Sejak pemilu presiden 2014, pemilih pada pemilu maupun pilkada sudah mampu melihat kandidat sebagai personal atau pribadi. Faktor ideologi yang hadir bersamaan dengan partai politik yang ada di belakang kandidat sudah tidak lagi menjadi poin penting. Tentu, masih ada pemilih yang punya prinsip kuat akan ideologi.
Kecenderungan ini juga dibaca oleh partai politik. Terbukanya Prabowo Subianto menerima Anies sebagai calon Gubernur Jakarta dari Partai Gerindra, meski Anies adalah tim sukses Presiden Joko Widodo pada pilpres sebelumnya, menunjukkan bahwa partai sadar bahwa pemilih lebih melihat figur dibanding partai.
Dalam aspek tertentu, aspek ideologi dalam menentukan pilihan juga sebenarnya bisa masuk pada kategori pemilih rasional. Sebab, pertimbangan rasional tidak melulu mengenai kebijakan, tetapi juga soal keamanan prinsip kehidupan yang diusung tiap-tiap pemilih.
Sekalipun prinsip-prinsip personal seperti agama maupun kesukuan dianggap tidak relevan karena cenderung kuno atau kaku, tapi bagi kelompok pemilih atas dasar ideologi, faktor ini dianggap merupakan jaminan bagi keamanan lingkungan, keluarga, dan kehidupan mereka yang bisa jadi menjadi alasan mereka tetap bisa bertahan hidup.
2. Pemilih Kritis
Pemilih kritis merupakan gabungan antara pemilih yang menjatuhkan pilihannya atas dasar kebijakan dengan pemilih atas dasar ideologi. Pemilih akan melihat figur secara personal serta melihat program maupun rekam jejaknya, tapi juga akan melihat citra partai politik di belakangnya.
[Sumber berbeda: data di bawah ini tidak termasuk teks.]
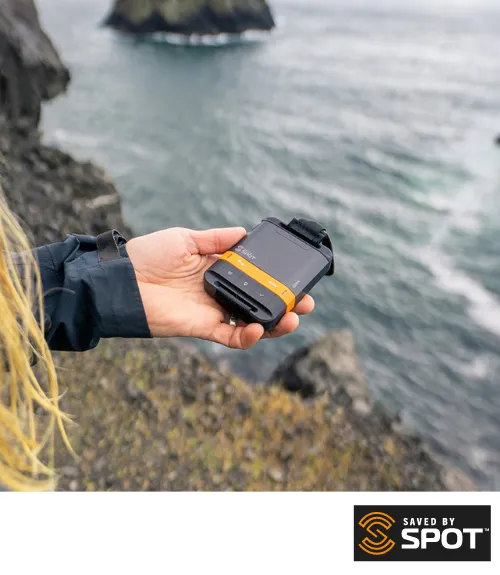 Spot Gen4 - Satellite GPS Messenger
Pemilih rasional melihat calon dari sisi personal, sedangkan pemilih kritis pertimbangan menjadi lebih kompleks dan rumit. Proses menjadi pemilih kritis ini bisa terjadi dalam dua tahapan.
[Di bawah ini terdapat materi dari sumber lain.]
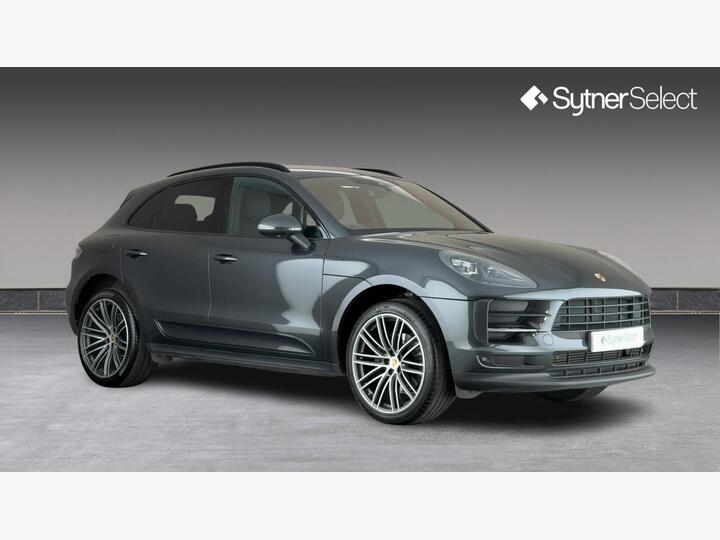 Porsche Macan 2.0T PDK 4WD Euro 6 (s/s) 5dr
Pertama, pemilih melihat ideologi partai politik yang mengusung kemudian melihat kecocokan calon dengan cita-cita partai politik. Kedua, tertarik lebih dulu dengan figur calon, baru kemudian melacak potensi partai politik yang mengusung.
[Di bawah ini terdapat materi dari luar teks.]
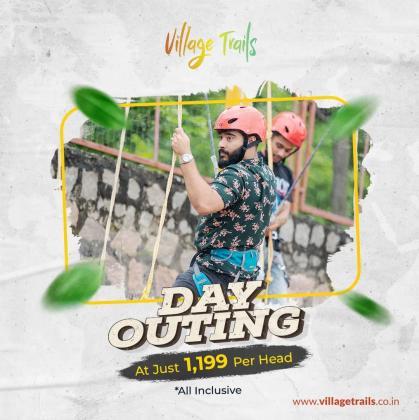 Escape to Tranquility - Day Outing Resort in Ghatkesar for a Perfect Getaway - Village Trails
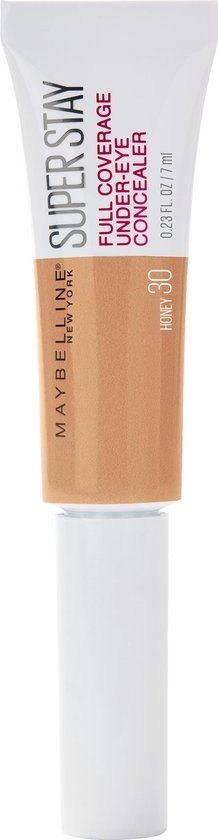 Maybelline SuperStay Under Eye Concealer - 30 Honey – Matte Finish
Pada tahap ini, pemilih akan menganalisis banyak hal sebelum menentukan pilihannya.
3. Pemilih Tradisional
Robert Rohrscheneider dalam The Strain of Representation (2002: 150) menyampaikan bahwa pemilih tradisional adalah yang paling mudah dimobilisasi selama periode kampanye. Loyalitas dan totalitas terhadap figur yang didukungnya begitu tinggi, apa saja yang dikatakan oleh pemimpin kelompok adalah sabda yang tidak akan pernah terlihat salah atau keliru.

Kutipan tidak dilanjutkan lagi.